UMSL Computer Science Colloquium
Fall 2021 - Spring 2022

Date Time Speaker Affiliation Title Zoom
10/19 4:00pm Kevin Scannell SLU Machine learning and language technology in minority language contexts Link
11/12 TBA Jason Martin DISA TBA Link
11/30 4:00pm Matthew Lane UT-Knoxville TBA Link
4/6 3:00pm Jim Miller U Kansas TBA Link

Title: Machine learning and language technology in minority language contexts

Abstract: Techniques based on machine learning and neural networks have led to huge advances in technologies such as machine translation and speech recognition. Generally speaking, very large text and speech corpora or annotated datasets are required to employ these techniques, and smaller language communities face a number of challenges in trying to produce suitable datasets for machine learning. I will discuss a number of approaches that we have used in the three Gaelic language communities to overcome these challenges, including crowdsourcing, transfer learning from better-resourced languages, and mining of historical archives for data.
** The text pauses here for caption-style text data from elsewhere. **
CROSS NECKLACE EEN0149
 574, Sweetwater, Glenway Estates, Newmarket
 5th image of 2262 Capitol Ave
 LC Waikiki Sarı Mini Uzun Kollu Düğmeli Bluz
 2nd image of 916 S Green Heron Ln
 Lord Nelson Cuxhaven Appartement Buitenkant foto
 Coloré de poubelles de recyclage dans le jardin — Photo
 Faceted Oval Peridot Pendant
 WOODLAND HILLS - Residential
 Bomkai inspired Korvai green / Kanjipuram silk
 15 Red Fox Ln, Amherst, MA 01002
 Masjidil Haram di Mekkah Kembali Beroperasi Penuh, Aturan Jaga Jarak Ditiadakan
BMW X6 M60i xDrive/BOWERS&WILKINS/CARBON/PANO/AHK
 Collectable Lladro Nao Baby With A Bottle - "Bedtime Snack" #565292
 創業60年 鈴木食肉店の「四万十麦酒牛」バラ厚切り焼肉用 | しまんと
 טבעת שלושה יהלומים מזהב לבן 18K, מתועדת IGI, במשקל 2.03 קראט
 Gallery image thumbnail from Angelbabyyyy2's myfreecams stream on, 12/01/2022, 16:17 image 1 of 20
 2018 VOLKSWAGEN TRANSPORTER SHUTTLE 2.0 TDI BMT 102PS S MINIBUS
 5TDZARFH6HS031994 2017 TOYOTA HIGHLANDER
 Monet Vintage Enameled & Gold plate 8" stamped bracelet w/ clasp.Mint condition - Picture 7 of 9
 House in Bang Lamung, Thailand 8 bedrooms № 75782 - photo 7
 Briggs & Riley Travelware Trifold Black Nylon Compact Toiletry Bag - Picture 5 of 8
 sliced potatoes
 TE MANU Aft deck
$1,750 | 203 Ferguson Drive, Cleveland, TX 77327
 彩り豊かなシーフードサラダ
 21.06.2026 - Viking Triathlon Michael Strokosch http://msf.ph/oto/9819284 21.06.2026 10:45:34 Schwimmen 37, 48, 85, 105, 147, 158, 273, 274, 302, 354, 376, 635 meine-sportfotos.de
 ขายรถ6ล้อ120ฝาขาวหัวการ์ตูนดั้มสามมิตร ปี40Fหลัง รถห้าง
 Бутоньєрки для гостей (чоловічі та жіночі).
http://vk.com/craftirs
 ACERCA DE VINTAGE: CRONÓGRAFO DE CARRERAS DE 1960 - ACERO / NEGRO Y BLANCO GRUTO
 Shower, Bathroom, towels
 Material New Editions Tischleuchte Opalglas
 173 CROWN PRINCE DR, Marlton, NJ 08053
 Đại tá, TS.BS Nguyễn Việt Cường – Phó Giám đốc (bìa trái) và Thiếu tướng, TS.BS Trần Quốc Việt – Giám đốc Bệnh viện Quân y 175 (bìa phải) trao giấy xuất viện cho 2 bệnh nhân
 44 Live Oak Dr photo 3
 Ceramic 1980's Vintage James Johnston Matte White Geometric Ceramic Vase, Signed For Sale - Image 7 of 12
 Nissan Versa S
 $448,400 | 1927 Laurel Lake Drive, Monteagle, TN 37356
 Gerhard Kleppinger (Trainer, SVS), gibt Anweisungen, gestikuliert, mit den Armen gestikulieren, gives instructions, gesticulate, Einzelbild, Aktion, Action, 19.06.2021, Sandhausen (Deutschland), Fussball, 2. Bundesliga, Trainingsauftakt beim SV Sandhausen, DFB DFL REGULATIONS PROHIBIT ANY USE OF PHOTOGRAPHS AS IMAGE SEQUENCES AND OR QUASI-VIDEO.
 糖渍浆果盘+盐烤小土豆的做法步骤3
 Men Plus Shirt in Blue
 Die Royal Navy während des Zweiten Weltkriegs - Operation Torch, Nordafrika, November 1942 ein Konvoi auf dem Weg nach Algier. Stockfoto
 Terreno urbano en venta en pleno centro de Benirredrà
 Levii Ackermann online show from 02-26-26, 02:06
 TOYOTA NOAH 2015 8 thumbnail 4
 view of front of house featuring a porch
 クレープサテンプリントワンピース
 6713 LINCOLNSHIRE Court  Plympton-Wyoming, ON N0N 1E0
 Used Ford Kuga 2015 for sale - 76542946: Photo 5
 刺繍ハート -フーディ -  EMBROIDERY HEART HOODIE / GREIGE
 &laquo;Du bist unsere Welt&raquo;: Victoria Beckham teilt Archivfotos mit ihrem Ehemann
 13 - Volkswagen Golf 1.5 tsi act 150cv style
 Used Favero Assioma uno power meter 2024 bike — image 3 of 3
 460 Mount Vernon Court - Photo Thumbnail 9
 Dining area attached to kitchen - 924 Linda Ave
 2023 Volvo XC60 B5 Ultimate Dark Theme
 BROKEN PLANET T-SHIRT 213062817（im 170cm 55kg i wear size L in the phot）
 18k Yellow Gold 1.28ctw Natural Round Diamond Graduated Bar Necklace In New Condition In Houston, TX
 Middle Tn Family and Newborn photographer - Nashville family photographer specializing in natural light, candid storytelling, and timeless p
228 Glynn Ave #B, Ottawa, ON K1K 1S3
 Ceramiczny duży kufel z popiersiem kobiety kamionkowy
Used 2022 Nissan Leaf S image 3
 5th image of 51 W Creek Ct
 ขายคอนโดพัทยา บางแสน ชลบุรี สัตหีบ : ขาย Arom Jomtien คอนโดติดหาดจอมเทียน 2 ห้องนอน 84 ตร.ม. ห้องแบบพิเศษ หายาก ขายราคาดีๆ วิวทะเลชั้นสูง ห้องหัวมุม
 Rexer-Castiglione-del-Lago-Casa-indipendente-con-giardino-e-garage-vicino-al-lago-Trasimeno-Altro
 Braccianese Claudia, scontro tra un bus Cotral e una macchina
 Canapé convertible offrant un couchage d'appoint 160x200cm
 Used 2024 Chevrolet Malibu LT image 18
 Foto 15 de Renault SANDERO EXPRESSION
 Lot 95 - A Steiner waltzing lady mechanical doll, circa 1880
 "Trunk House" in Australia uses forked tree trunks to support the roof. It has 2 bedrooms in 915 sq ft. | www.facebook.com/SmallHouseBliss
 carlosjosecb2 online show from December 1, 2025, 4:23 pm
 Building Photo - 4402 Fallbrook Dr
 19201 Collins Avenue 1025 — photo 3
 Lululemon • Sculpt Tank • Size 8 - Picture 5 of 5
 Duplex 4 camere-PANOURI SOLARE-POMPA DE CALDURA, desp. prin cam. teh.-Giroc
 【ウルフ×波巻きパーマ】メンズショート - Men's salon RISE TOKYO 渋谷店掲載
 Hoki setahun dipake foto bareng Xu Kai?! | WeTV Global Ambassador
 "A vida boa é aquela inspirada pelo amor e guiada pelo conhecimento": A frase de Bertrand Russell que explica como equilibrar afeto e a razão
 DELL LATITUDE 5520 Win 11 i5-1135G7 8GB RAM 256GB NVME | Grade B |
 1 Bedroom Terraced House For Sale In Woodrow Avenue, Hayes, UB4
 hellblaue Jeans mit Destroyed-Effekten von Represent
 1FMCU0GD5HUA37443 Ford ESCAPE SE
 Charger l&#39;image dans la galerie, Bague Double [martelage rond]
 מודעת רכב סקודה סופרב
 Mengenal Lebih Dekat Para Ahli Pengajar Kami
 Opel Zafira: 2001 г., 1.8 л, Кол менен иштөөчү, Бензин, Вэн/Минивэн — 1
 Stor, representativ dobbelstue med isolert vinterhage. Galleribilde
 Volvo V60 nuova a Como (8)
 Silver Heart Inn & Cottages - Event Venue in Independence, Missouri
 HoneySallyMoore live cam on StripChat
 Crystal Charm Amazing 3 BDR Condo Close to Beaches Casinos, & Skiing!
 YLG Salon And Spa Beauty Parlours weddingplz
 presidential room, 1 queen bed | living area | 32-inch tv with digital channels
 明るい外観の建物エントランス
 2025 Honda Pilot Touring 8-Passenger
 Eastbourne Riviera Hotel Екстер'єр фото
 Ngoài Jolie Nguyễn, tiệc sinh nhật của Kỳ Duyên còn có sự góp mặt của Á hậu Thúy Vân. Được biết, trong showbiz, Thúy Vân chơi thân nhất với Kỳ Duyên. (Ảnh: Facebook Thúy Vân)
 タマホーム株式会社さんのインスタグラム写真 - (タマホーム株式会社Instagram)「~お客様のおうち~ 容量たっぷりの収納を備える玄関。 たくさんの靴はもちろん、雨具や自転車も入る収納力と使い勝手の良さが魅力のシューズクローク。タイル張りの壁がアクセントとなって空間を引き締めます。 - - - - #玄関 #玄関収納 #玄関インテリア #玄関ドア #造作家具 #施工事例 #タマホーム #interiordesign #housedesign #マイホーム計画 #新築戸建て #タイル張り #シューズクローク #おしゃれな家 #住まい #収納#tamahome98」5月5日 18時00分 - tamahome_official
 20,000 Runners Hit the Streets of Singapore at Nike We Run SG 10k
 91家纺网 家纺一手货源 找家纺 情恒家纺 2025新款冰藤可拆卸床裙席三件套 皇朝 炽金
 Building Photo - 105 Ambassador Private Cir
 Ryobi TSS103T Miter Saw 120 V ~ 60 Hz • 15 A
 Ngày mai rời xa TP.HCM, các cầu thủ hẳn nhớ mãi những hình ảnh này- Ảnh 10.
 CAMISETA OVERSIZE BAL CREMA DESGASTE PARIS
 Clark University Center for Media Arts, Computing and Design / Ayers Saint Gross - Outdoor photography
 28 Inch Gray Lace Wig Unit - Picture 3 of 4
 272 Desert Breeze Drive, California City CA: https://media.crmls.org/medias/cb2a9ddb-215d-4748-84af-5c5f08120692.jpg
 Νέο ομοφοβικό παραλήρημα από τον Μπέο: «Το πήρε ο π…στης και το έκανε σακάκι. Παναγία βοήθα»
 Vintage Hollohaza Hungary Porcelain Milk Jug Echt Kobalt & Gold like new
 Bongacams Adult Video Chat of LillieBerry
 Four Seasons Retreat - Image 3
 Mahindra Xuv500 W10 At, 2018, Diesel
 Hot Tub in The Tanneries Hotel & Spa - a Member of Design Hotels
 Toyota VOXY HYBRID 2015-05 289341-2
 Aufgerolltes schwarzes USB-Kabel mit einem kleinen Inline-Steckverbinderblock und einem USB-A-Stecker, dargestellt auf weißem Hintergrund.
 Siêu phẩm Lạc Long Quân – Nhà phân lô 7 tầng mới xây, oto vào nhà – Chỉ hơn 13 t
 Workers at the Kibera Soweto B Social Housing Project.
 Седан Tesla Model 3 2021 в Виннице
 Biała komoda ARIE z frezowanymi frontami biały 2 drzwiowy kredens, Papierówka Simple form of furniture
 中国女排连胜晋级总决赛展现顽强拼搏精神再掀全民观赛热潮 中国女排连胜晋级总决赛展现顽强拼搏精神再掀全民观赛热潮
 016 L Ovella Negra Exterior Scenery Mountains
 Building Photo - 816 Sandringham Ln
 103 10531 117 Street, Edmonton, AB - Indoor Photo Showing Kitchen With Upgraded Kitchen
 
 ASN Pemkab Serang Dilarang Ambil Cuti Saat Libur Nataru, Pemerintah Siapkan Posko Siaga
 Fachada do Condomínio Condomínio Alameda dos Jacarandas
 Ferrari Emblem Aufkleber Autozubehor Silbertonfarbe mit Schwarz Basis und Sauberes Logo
Bio: Kevin Scannell earned a BS in Pure Mathematics at MIT in 1991 and a Ph.D. in Mathematics at UCLA in 1996 under the supervision of Geoffrey Mess. His mathematical research focused on hyperbolic 3-manifolds, low-dimensional topology, and mathematical physics. After spending two years at Rice University as a G. C. Evans postdoctoral instructor, he joined the faculty at Saint Louis University in 1998. His current research uses machine learning to develop computational resources that support speakers of indigenous and minority languages around the world, particularly Irish and the other Celtic languages.

Title: How regression can be effectively used in place of classification in the context of protein folding

Abstract: Protein contact prediction, a binary classification problem in bioinformatics, lies at the heart of a six-decade-old problem of protein folding. Dozens of methods, based on almost all kinds of machine learning and deep learning algorithms, have been published over the last two decades for predicting contacts. Recently, many groups including Google DeepMind have demonstrated that reformulating the problem as a multi-class classification problem is a more promising direction to pursue. As yet another alternative approach, we recently proposed to formulate and attack the problem as a regression problem - the way the information exists in nature. Nuances of protein three-dimensional structures make this formulation a unique and tempting regression problem. In this work, we discuss novel ways of output label engineering (different from feature engineering) through the use of a variety of data transformation functions, and demonstrate, for the first time, that deep learning methods for real-valued protein distance prediction can deliver distances as precise as the binary classification methods. We also demonstrate how the more granular information contained in our real-valued distances can be used to build significantly more accurate three-dimensional protein models. We believe that our work will stand as a milestone marking the dawn of real-valued distance prediction.

Bio: Jacob Barger is a Master's student under the supervision of Dr. Badri Adhikari. This is his thesis defense.